2. The respondent has contested the validity of the notice issued to him and it has been submitted by him that no notice could have been issued unless cognisance was taken by this Court either on its own motion made by the Advocate-General, or any other person, with the consent in writing of the Advocate-General. Learned Government Advocate tried to defend the procedure adopated in these proceedings and relied upon rule 324 of the Rules of this Court. Under sub-rule (1) of rule 324, when an application for taking proceedings for contempt of court is presented before a Judge, other than the Chief Justice, he should direct that it be laid before the Chief Justice for orders. The rule does not provide as to who was authorised to direct the issuance of notice in a matter relating to contempt of Court. However, sub rule (3) of rule 324 provides that where an order has been made directing that notice be issued to any person to show-cause why he should not be punished for contempt of court, a date shall be fixed for hearing arid notice thereof in the prescribed form shall be given to the person concerned as also to the Government-Advocate. The notice shall contain a substance of the allegations made against such person and require him to appear, unless otherwise ordered, in person before the Court at the time and on the date specified therein to show-cause why he should not be punished for contempt of Court. The form of notice for contempt of court, as prescribed under the Rules of this Court, also goes to show that the matter is to be considered by the Court, and it is the Court which can direct issuance of a notice and fix a date for hearing of the matter. After the coming into force of the Contempt of Courts Act, 1971 (hereinafter referred to as "the Act") the procedure to be followed in cases of criminal contempt, as defined in section 2 of the Act, has been prescribed in section 15. According to the said provision, the Supreme Court or the High Court is empowered to fake action in this regard either on its own motion or on a motion made by the Advocate-General or any other person with the consent of the Advocate-General or on a reference by a subordinate Court.

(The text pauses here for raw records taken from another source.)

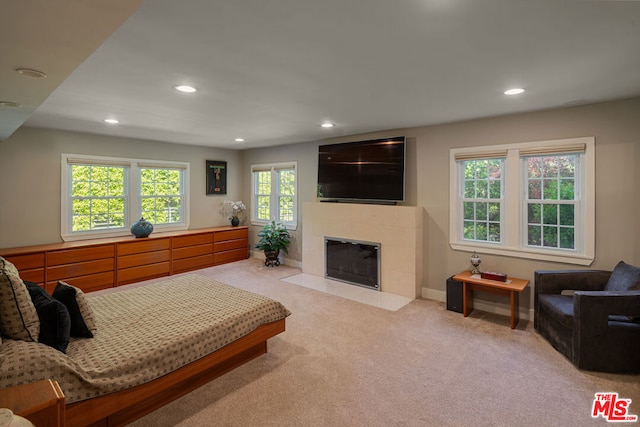 carpeted bedroom with a tiled fireplace and multiple windows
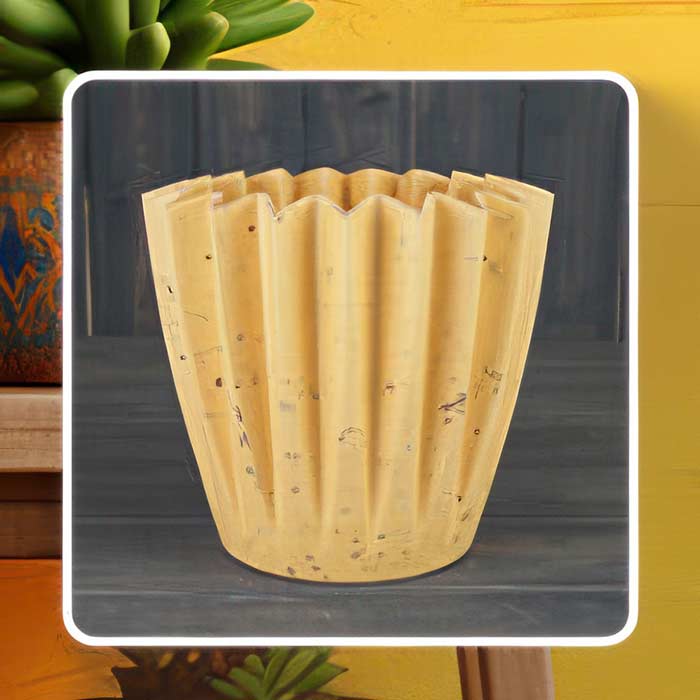 Stylish Yellow Plant Pot with a unique ribbed design, perfect for brightening home decor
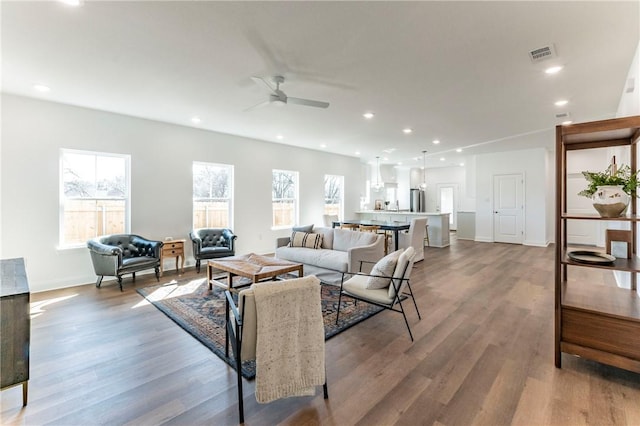 living room featuring hardwood / wood-style flooring and ceiling fan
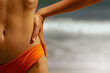 © Mirrorstudio - Female in orange swimwear standing by ocean. Skin care, sun protection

According to the said provision, the Supreme Court or the High Court is empowered to fake action in this regard either on its own motion or on a motion made by the Advocate-General or any other person with the consent of the Advocate-General or on a reference by a subordinate Court. Then under section 17 of the Act, a notice of every proceeding under section 15 has to be served personally on the person charged, except otherwise directed by the Court and such notice has to be accompanied by a copy of the motion as also copies of the affidavits, if any, on which such motion is founded, where the proceedings in the case have commenced on a motion. Section 18 of the Act provides that every case of criminal contempt under section 15 shall be heard and determined by a Bench of not less than two Judges Reading the provisions of rule 324 of the Rules of this Court together with those of section 15, 17 and 18 of the Act, the proper procedure to be followed in the case of criminal contempt appears to be that the matter should be placed before the Chief Justice and if he considers it expedient that proceedings for driminal contempt should be initiated, then he should direct that the matter be placed before an appropriate Bench, which after applying its judicial mind to the facts, may take cognisance of the case. 3. We may also point out that a Bench of the High Court, which is entitled to take cognisance of a criminal contempt under section 15 of the Act, may take action either on its own motion or on a motion made by any one of the persons specified in that section or on a reference made by a subordinate court, but such a bench must consist of atleast two Judges of the High Court. To our mind, the words "heard and determined" employed in section 18 of the Act are clearly indicative of the fact that the proceedings with regard to criminal contempt should be taken up, from the initial stage of taking cognisance upto the final determination, by a Bench consisting of not less than two Judges of the High Court, except in the case of the Court of a Judicial Commissioner.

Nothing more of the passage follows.